[Caption-style text data]
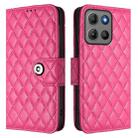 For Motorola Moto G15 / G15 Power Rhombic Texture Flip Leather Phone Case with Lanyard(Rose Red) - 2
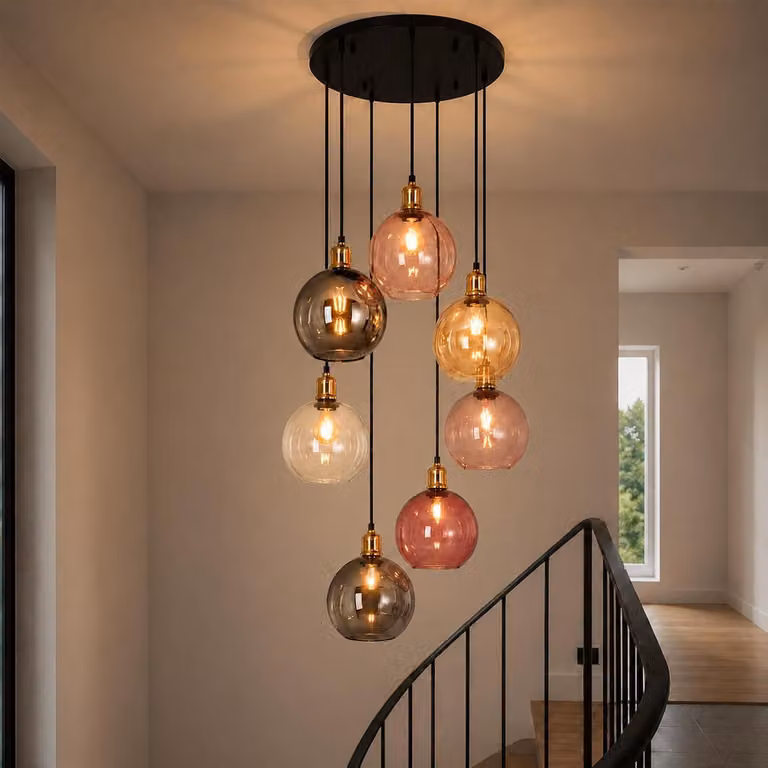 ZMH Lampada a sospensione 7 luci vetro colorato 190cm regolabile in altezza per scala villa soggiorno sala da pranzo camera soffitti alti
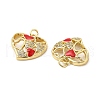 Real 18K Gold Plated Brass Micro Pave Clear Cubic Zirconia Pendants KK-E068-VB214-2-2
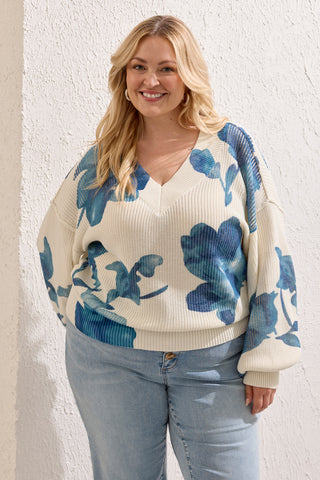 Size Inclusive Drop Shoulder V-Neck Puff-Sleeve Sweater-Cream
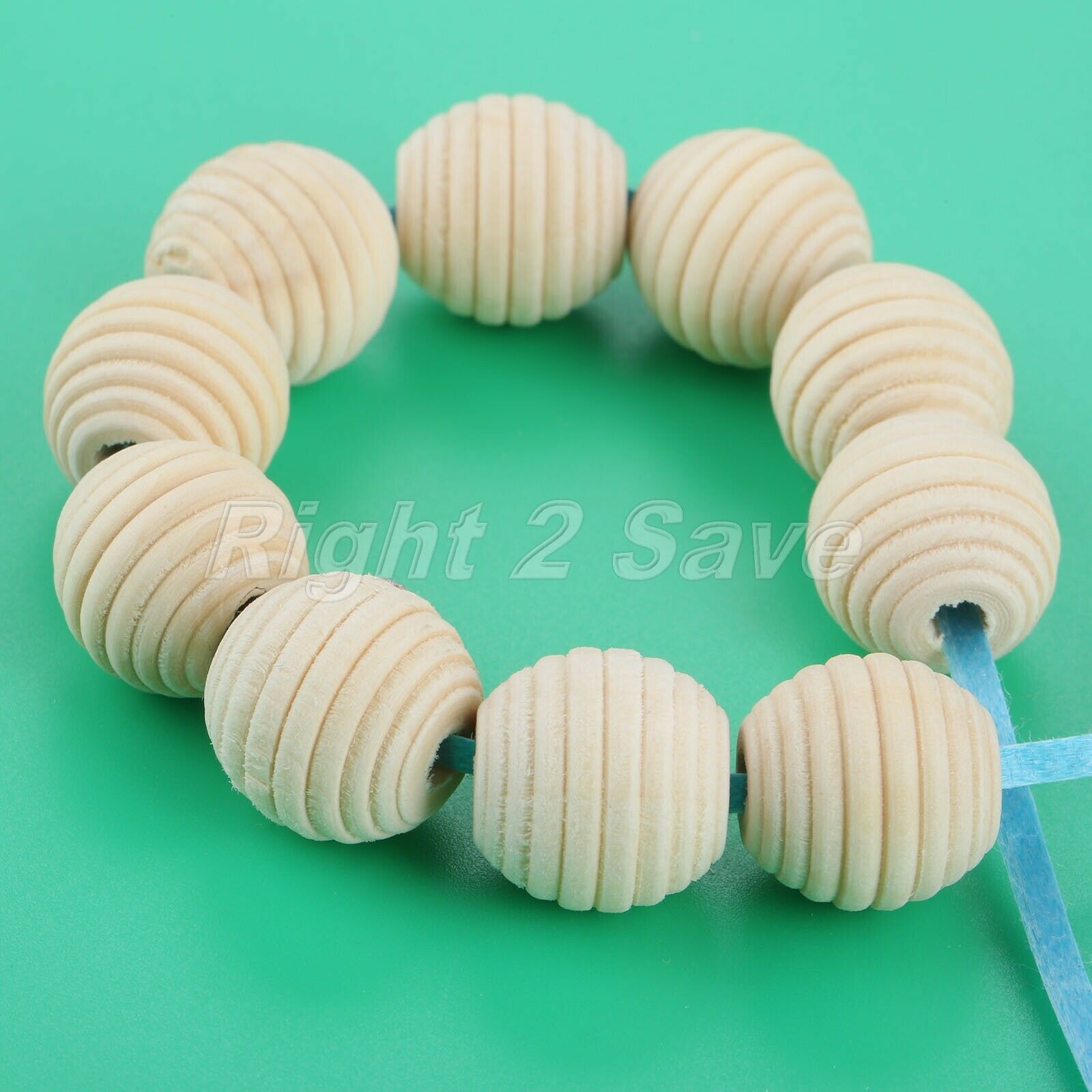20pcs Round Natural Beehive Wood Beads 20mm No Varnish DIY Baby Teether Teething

--

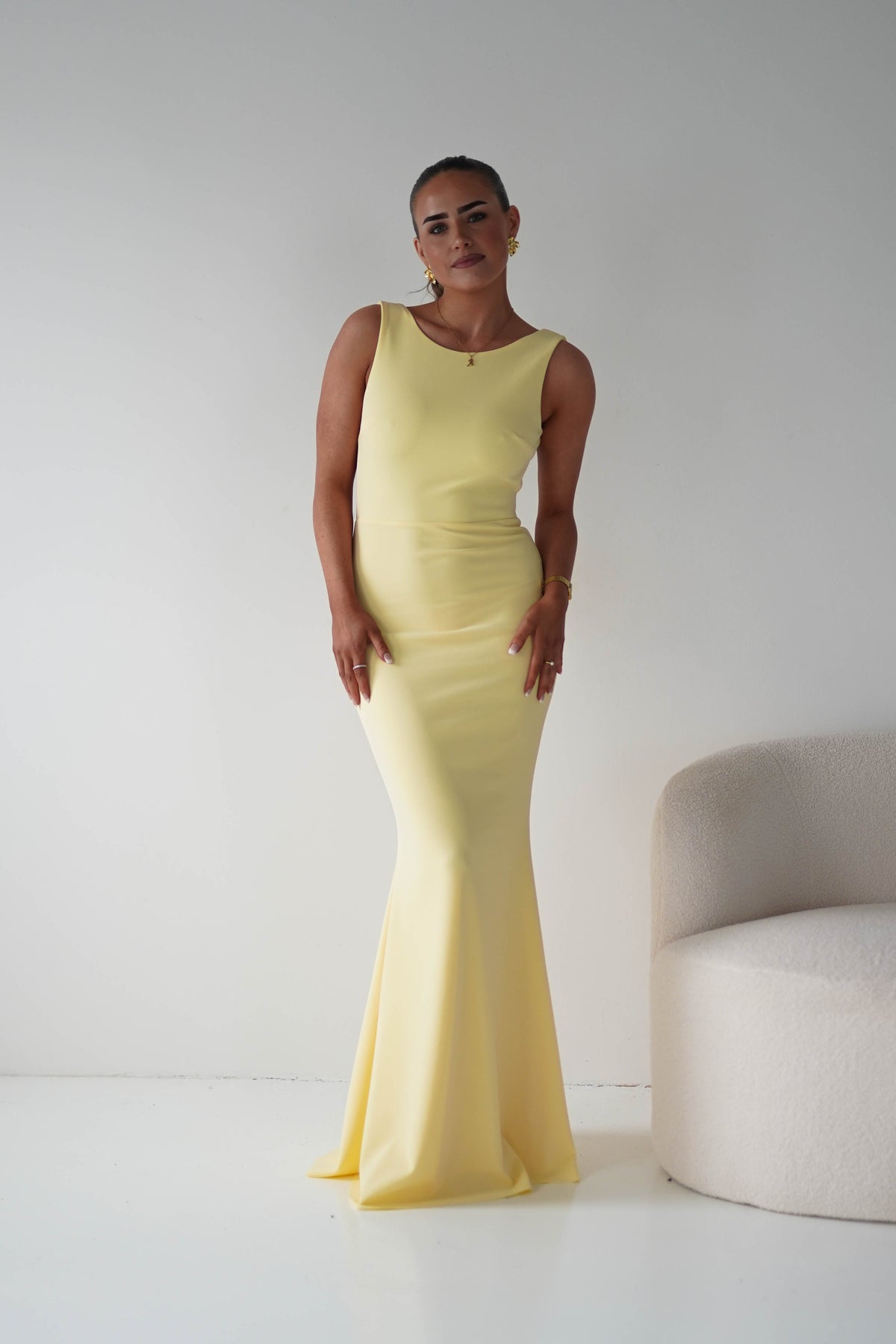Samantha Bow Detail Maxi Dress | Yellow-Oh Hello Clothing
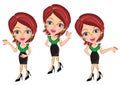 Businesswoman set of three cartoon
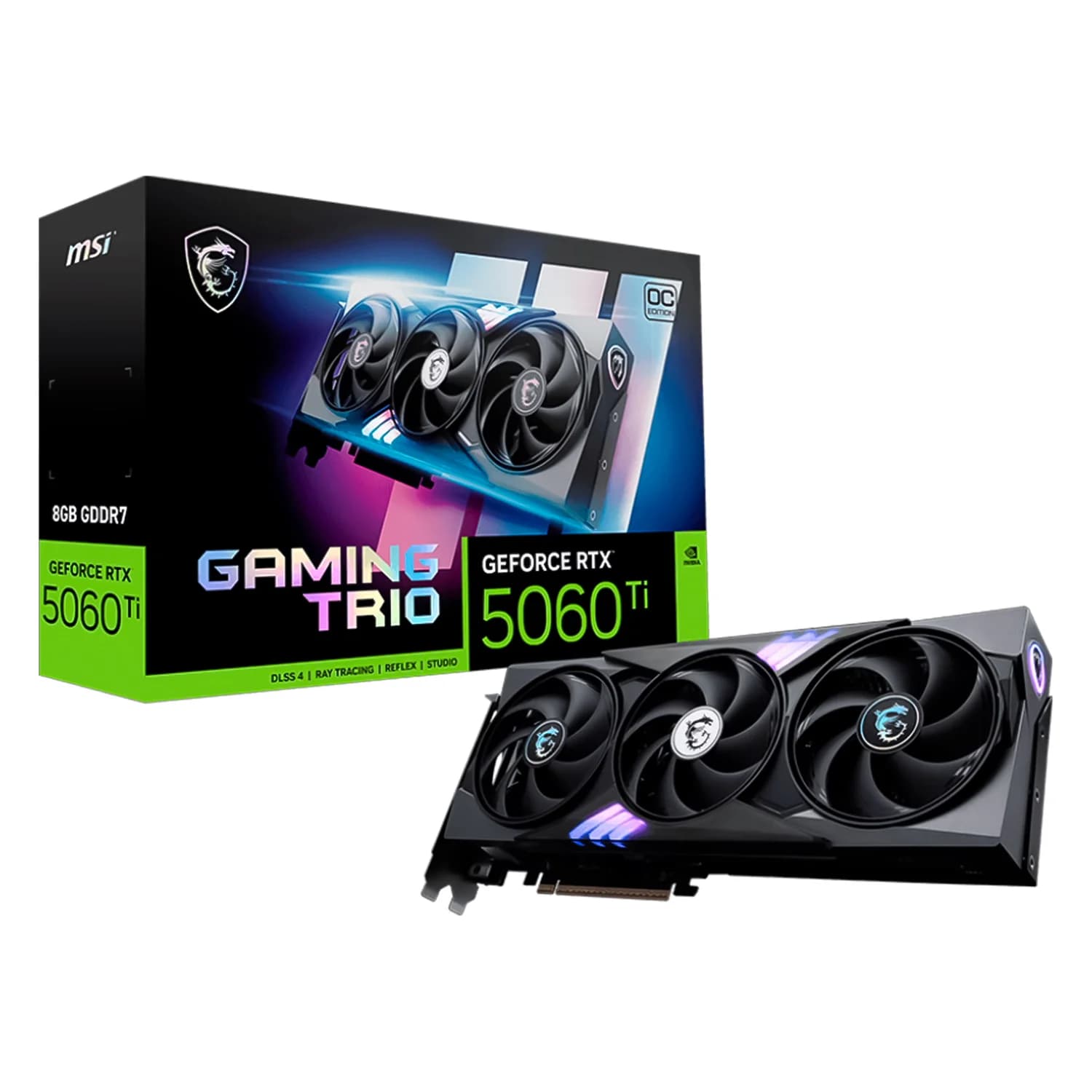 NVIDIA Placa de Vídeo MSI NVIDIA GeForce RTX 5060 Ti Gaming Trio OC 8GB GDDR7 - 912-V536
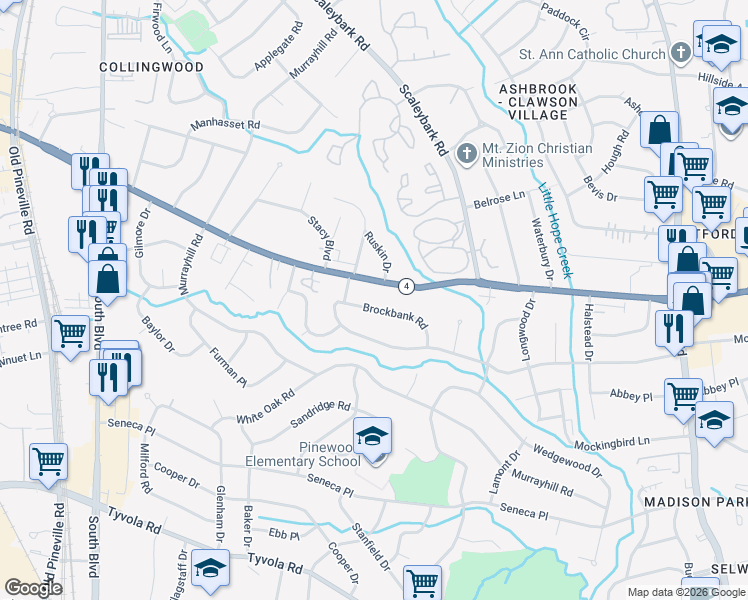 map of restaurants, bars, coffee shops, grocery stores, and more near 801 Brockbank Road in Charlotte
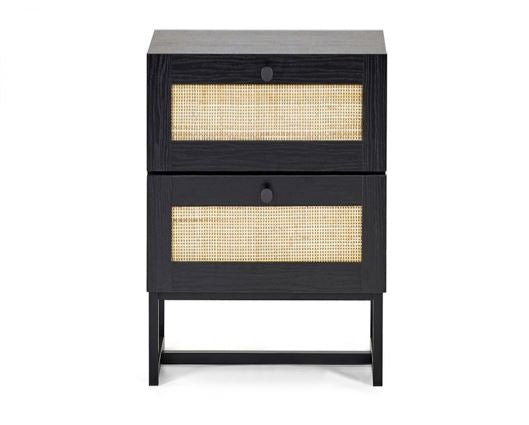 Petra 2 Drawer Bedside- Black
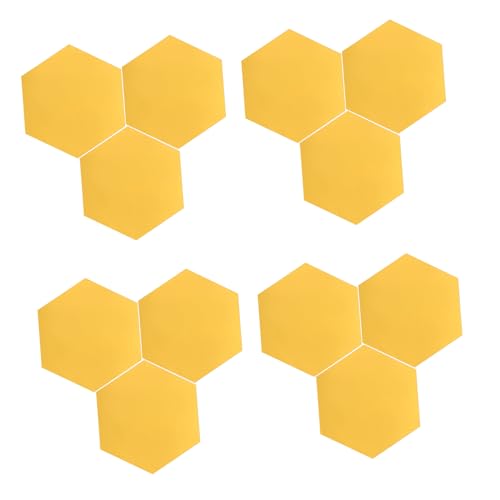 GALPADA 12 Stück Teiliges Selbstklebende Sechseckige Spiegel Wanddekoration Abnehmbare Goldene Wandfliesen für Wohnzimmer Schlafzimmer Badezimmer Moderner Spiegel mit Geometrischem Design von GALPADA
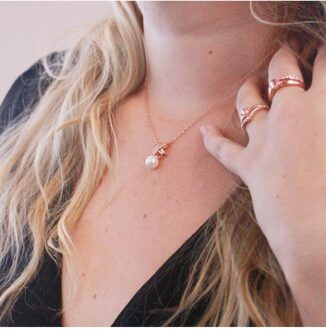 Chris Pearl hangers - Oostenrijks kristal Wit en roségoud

■ Task directions
The lines above from the line with "Size Inclusive Drop" through the line with "20pcs Round Natural" are to be given again word for word, with no pictures among them.

■ Response area
 Size Inclusive Drop Shoulder V-Neck Puff-Sleeve Sweater-Cream
20pcs Round Natural Beehive Wood Beads 20mm No Varnish DIY Baby Teether Teething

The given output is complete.